Viva il marxismo, viva i Fratelli Marx!
Per coloro che potrebbero farsi ingannare dal titolo, lo preciso subito: non parlo di Karl Marx!
Bene, sciolto questo dubbio, posso tranquillamente definirmi un grande marxista; perché se parliamo di storia della comicità, dobbiamo assolutamente menzionare questa famigerata famiglia di artisti.
E dirò di più: non esagero quando dico che i fratelli Marx sono stati i comici più importanti e influenti in tutto il mondo, dall’avvento del sonoro ad oggi.

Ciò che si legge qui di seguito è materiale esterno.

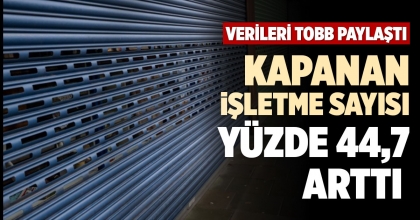 KAPANAN İŞLETME SAYISI YÜZDE 44,7 ARTTI 
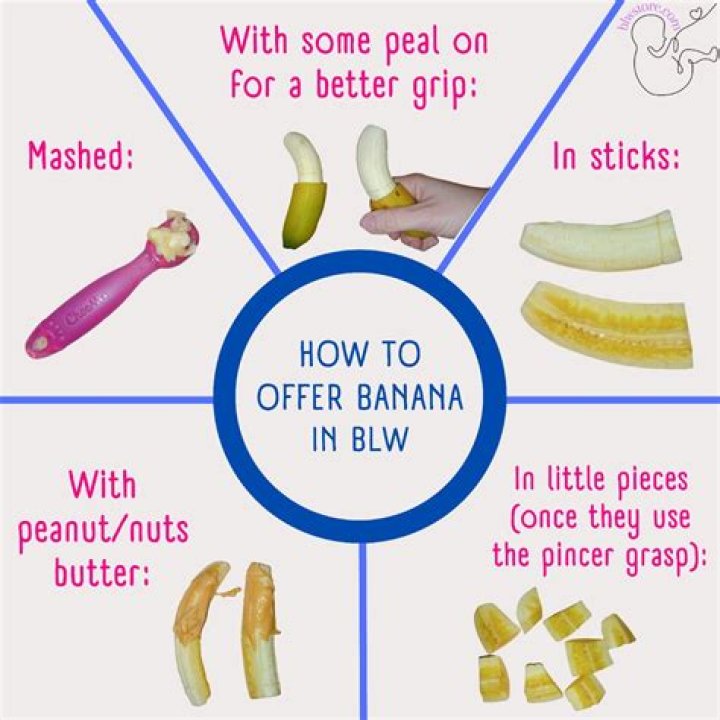 How to store open banana
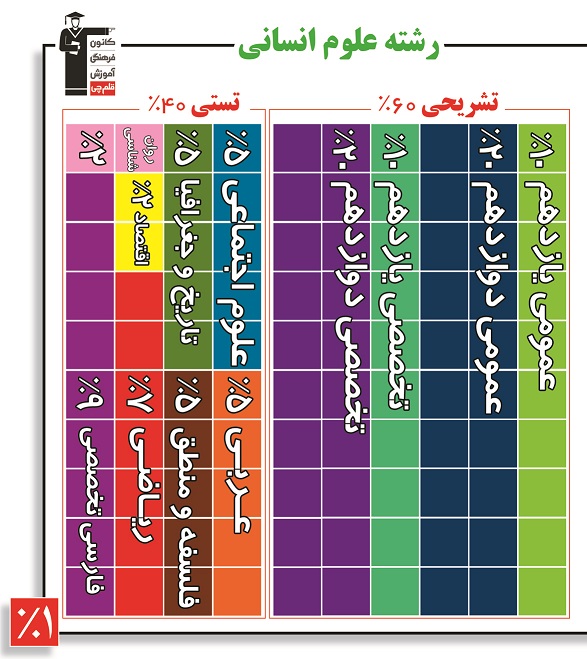 انسانی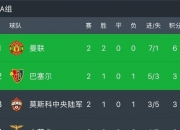 平博中国官网-马竞热血公然，客场兵不血刃收复一城的简单介绍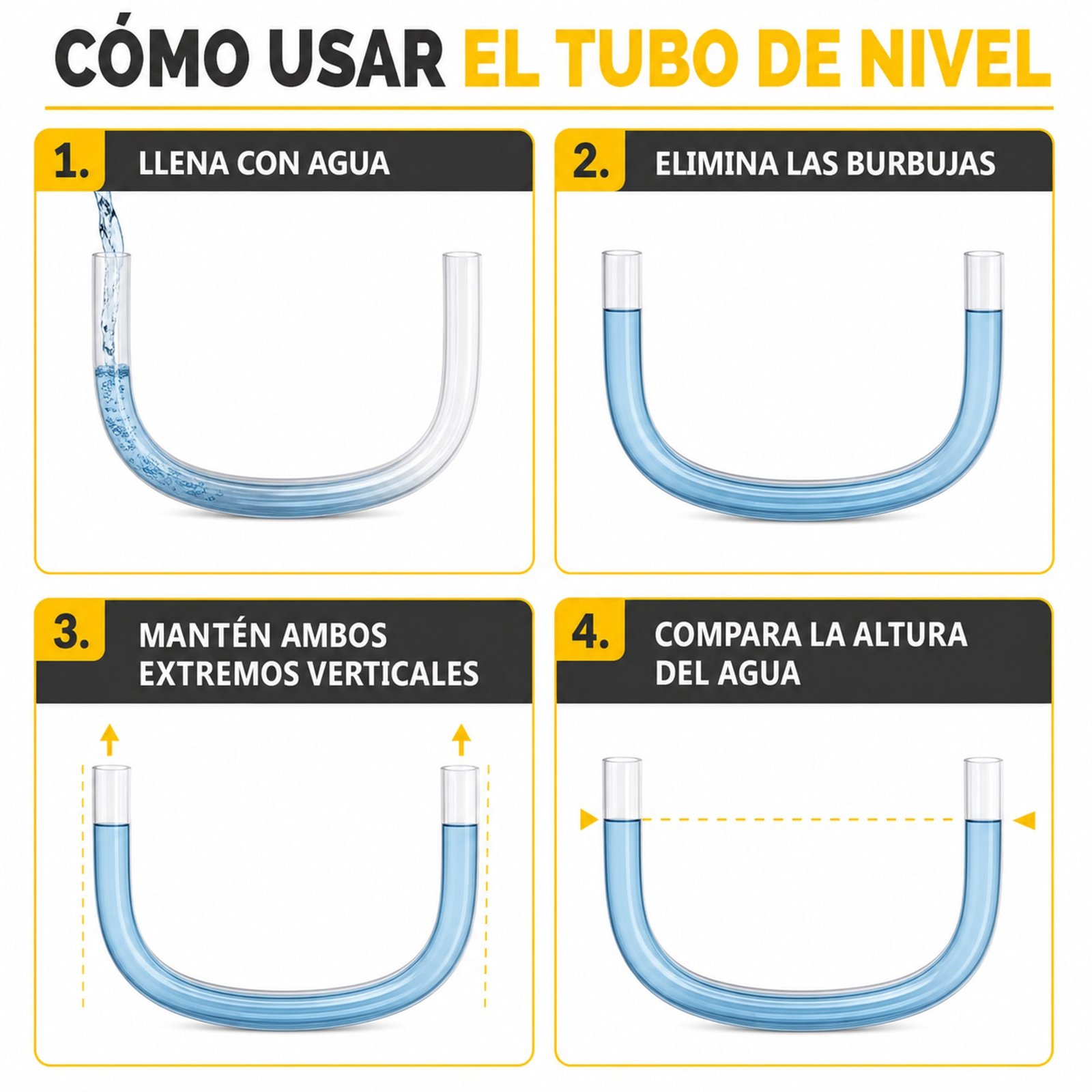 Pasos para llenar, eliminar burbujas y comparar alturas con el tubo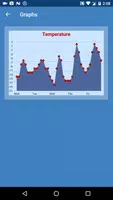 Simple Weather ภาพหน้าจอ 1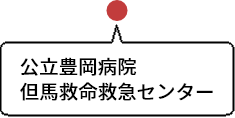 豊岡病院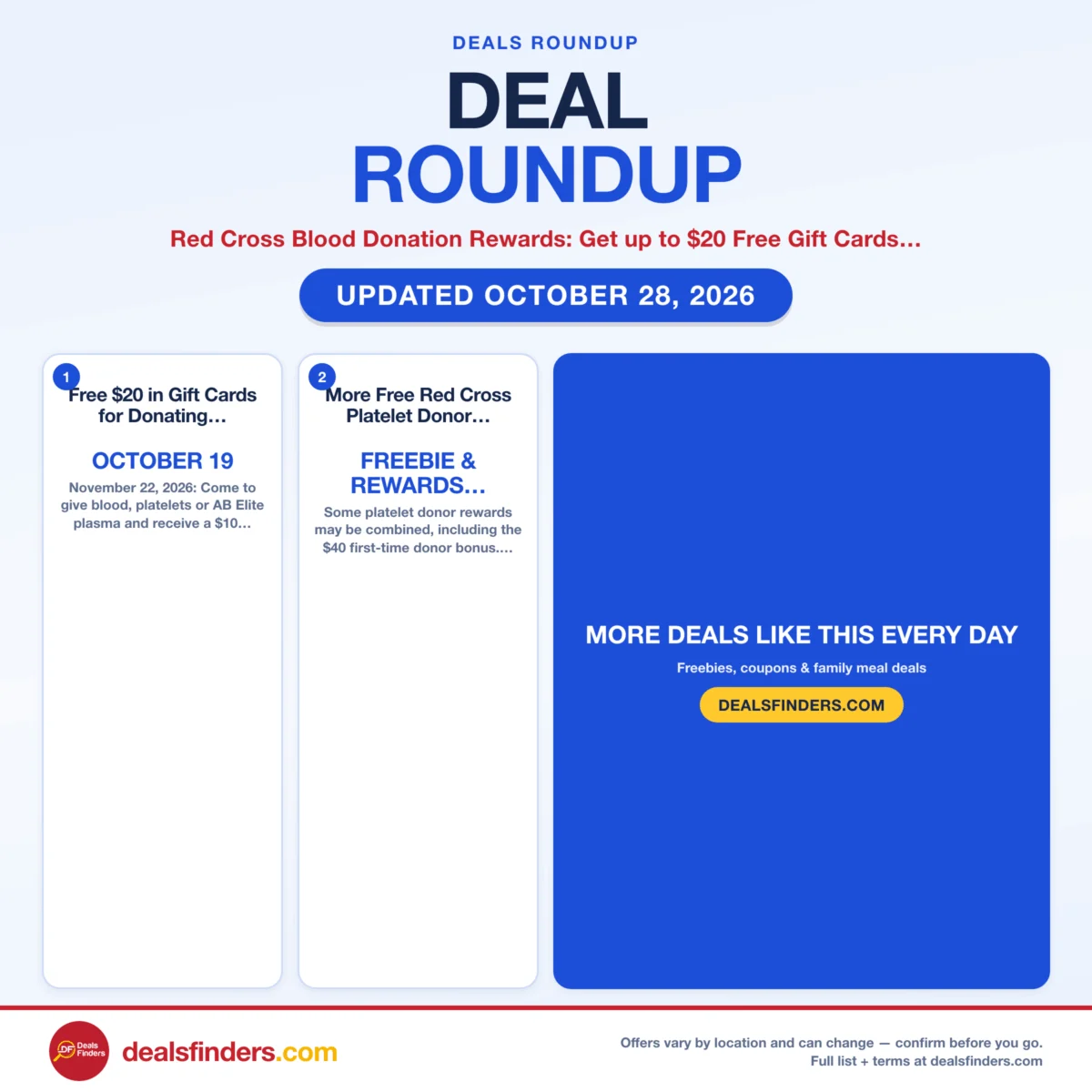 Red Cross Blood Donation Rewards: Get up to  Free Gift Cards & More!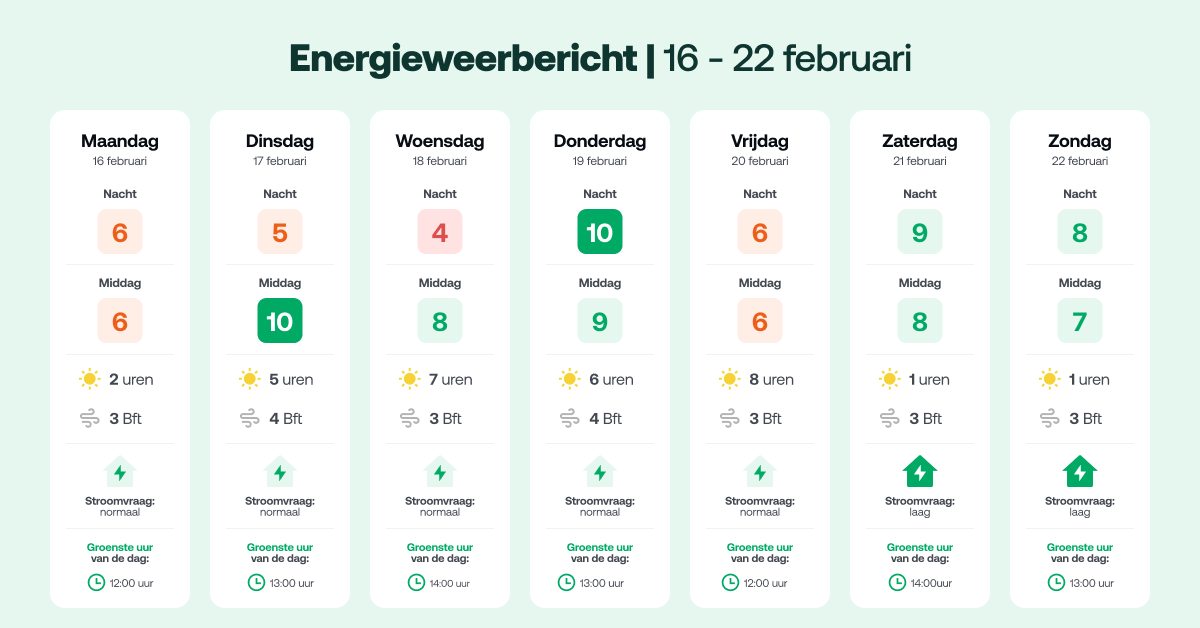 Zonneplan tweet media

Andiamo a presentarli subito: Zeppo, personaggio più dedito a ruoli leggeri e romantici (che abbandonerà la recitazione nel 1935); Harpo, vagabondo muto leggermente tontolone con dei ricci biondi; Chico, bullo con un finto accento italiano e un debole per le donne; e infine il grande Groucho, baffone, brontolone e chiacchierone, sempre con una delle sue battute sferzanti e pungenti (quest’ultimo sarà l’unico a ricevere l’Oscar alla carriera).
In realtà ci sarebbe anche un quinto fratello, Gummo, ma abbandonerà presto l’arte comica per intraprendere la strada imprenditoriale.
Che sia il varietà, il cinema o la radio, il loro linguaggio è sempre riconoscibile: surreale, sopra le righe, anarchico, con quel continuo sberleffo verso la società americana e le sue ipocrisie. Prendono in giro altolocati, governo, istituzioni, non se ne salva uno!
Grazie a film come Animal Crackers, La guerra lampo dei Fratelli Marx, Una notte all’opera, i fratelli Marx hanno ispirato i comici delle generazioni successive.
“Groucho: …Scelga una carta.
Margaret Dumont: Scegliere una carta? Per farne cosa?
Groucho: La può tenere, me ne rimangono 51. Che cosa stava dicendo?
Groucho: Dove fu firmata la dichiarazione di indipendenza degli Stati Uniti?”.
Chico: In fondo al foglio, a destra.
Groucho: Perché canti?
Chico: Tanto per ammazzare il tempo.
Groucho: Certo possiedi un’arma micidiale!
Groucho: Non entrerei mai a far parte di un club che accettasse uno come me come socio.
Gruocho: Grazie, ho trascorso una serata meravigliosa. Ma non è questa.
Gruocho: Citatemi dicendo che sono stato citato male.”